Agency in Kentucky Route Zero

I want to create a placeholder for something, and thus is born the new category “Ideas for Later.” What I want to return to later, when I have time for a deeper more critical analysis, is the issue of narrative agency in Kentucky Route Zero.

First, let me clarify what I mean by narrative agency. Narrative agency is the ability, in a game, for the player to alter the course of the narrative based on the choices they make in the game. Elsewhere, I have established a list of criteria that greatly enhance types of agency play in games. The criteria for narrative agency are these:


  • The user has an active role in the narrative whereby they influence events that occur as well as how the story ends, and as a result should not feel they are playing a role that forces them to reflect on how a character, rather than themselves, would react
  • The user should need to reflect critically upon and evaluate social contexts in order to envision and bring about narrative alternatives

In conjunction with the elements which help establish narrative agency are those elements which are crucial to the overall narrative experience of the game. In other words, the narrative agency must be complemented by a narrative system in which the following have been accounted for:

  • A different well-formed/artistically whole, dramatic, and narratively coherent story, complete with a relevant resolution, occurs smoothly each play through and should support replayability.
  • Narrative should be clear enough to help user understand what to do and why they should do it, upon their own critical reflection


So where does Kentucky Route Zero factor in? Well, against these criteria, Kentucky Route Zero could be said to offer a high level of narrative agency supported by a well-constructed narrative experience. But it also introduces a new element that no previous digital interactive narrative game I have encountered has presented: rather than embodying a single role in the game (in which the player acts as the lead or central protagonist in the story), the player is active in multiple roles in the game simultaneously. In any given conversation, Kentucky Route Zero willingly hands over the reigns to the player allowing them to select dialogue responses for multiple people, thereby constructing each side of the conversation. Rather than simply playing as Shepard in Mass Effect or as Bigby in The Wolf Among Us (or a plethora of other examples from Catherine, The Walking Dead, Red Dead Redemption, Deus Ex, Dishonored, etc. etc…) in Kentucky Route Zero the player’s narrative agency is enhanced simply through the act of allowing them to embody multiple narrative roles.

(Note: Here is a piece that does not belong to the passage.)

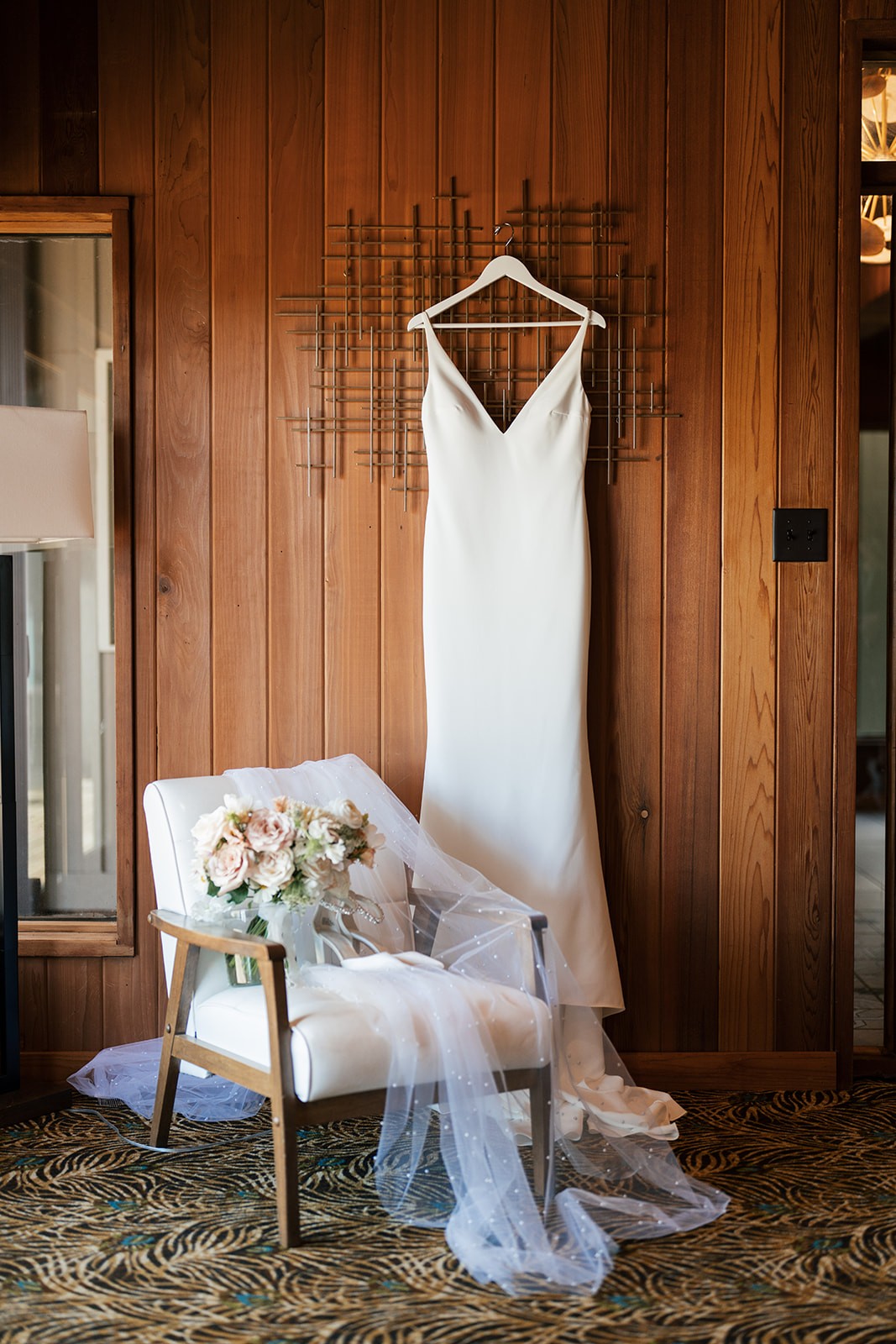 Sleek spaghetti-strap wedding gown hanging on a wood-paneled wall above a chair draped with a pearl-dotted veil and a blush bouquet.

What Kentucky Route Zero seems to have done is built an elaborate and beautiful dollhouse whose foundation is cemented in a concrete narrative, but within which the player gets to play with all the dolls. So I need to think on this further, but Kentucky Route Zero seems to be a game changer in the research criteria I had previously established, and it forces me to question if the best way to offer narrative agency doesn’t have something to do with the ability to control more of the pieces on the proverbial game board. While I think on this more, I certainly welcome your input on the matter too!